Gasification and anaerobic digestion (AD) contribution to key European policy areas:
- European climate targets: high-rate dedicated anaerobic digesters using organic wastes as feedstock reduce the need for the landfilling of organic materials thereby cutting greenhouse gas emissions, avoiding groundwater pollution and helping to replace mineral fertilisers. Anaerobic Digestion cuts methane emissions from landfill and slurry pits while reducing the use of fossil fuels, commercial fertilisers and chemical inputs. Large scale production of biomethane from biomass gasification will also significantly increase the availability of renewable alternatives to fossil fuels.
- European energy security: biomethane from gasification and AD is a locally generated, decentralised, flexible and storable energy supply, balancing the intermittent production of other renewable energy sources and improving energy security. Large scale thermal biomass gasification makes it feasible to create truly renewable natural gas fuelled balancing power schemes for the future. Gasification and AD are the most cost-effective and energy efficient ways to produce green gas for grid injection. Biogas and syngas powered CHP plants, with over 40% power efficiency and over 85% total efficiency, are among the most energy efficient ways to cogenerate heat and power. High-solids lignocellulosic waste fractions can be transformed into higher value energy carriers such as automotive fuels or electricity, depending on the needs of the market. Fully implemented, AD and gasification combined have the potential to make all gas in the European natural gas transport system renewable.
- Food security and resource efficiency: AD is the technology which currently delivers the most benefit from organic wastes and crops, extracting energy whilst recycling the nutrients and organic matter. Crops grown for biogas production can be integrated into food crop rotations, thus improving the overall productivity of farming and providing preceding crop value and soil quality improvements. Gasification utilizes feedstocks high in solids and lignocellulose and therefore does not compete with AD for waste food feedstocks. It has the potential to make the valorification of high-solids waste fractions more versatile and flexible, when adding the choice of fuel generation and injection of biomethane into the natural gas transport system.
- Improved air quality: biomethane used as a transport fuel reduces particulate matter (PM10) and NOxemissions by over 95% and 25% respectively, when compared to diesel engines with catalytic converters.

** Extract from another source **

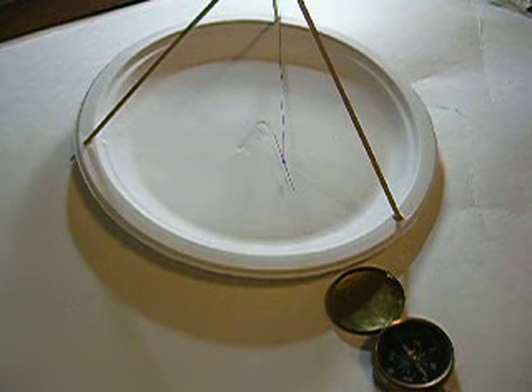I am showing a compass made from a paper plate, three wood sticks, a piece of thread, and a sewing needle.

- Bioeconomy: the Biogas industry generates thousands of green jobs, invigorates the European countryside and reduces energy and agricultural bills through the local production of bioenergy and bio-fertiliser. Short-rotation forestry on fallow lands in agriculture expands the options for the European farmer, and represents an opportunity to complete the nutrient cycle for bio-fertilisers from waste streams that may not be suitable for food production, such as wastewater treatment plant sludge. Biomethane production from biomass gasification will invigorate the European market, by increasing the versatility and value of the European waste streams. It represents a great opportunity for industries based on forest resources, by adding a new market outlet for wood chips, and making it possible for the paper and pulp industry to add automotive fuels to its product line. It may also create a new export market since many of the leading technology suppliers are European.
- Bioenergy: Anaerobic Digestion facilitates the sustainable use of feedstocks by enabling the use of crops which support biodiversity and deliver high ecological standards.
- Prevention of contamination:in many EU Member States manure is spread on fields without any treatment to control pathogens, potentially causing biological contamination. Treatment through AD at higher (>50°C) or at mesophilic temperatures greatly reduces the number of plant and animal pathogens within a feedstock. AD carries the benefit of also destroying most weeds.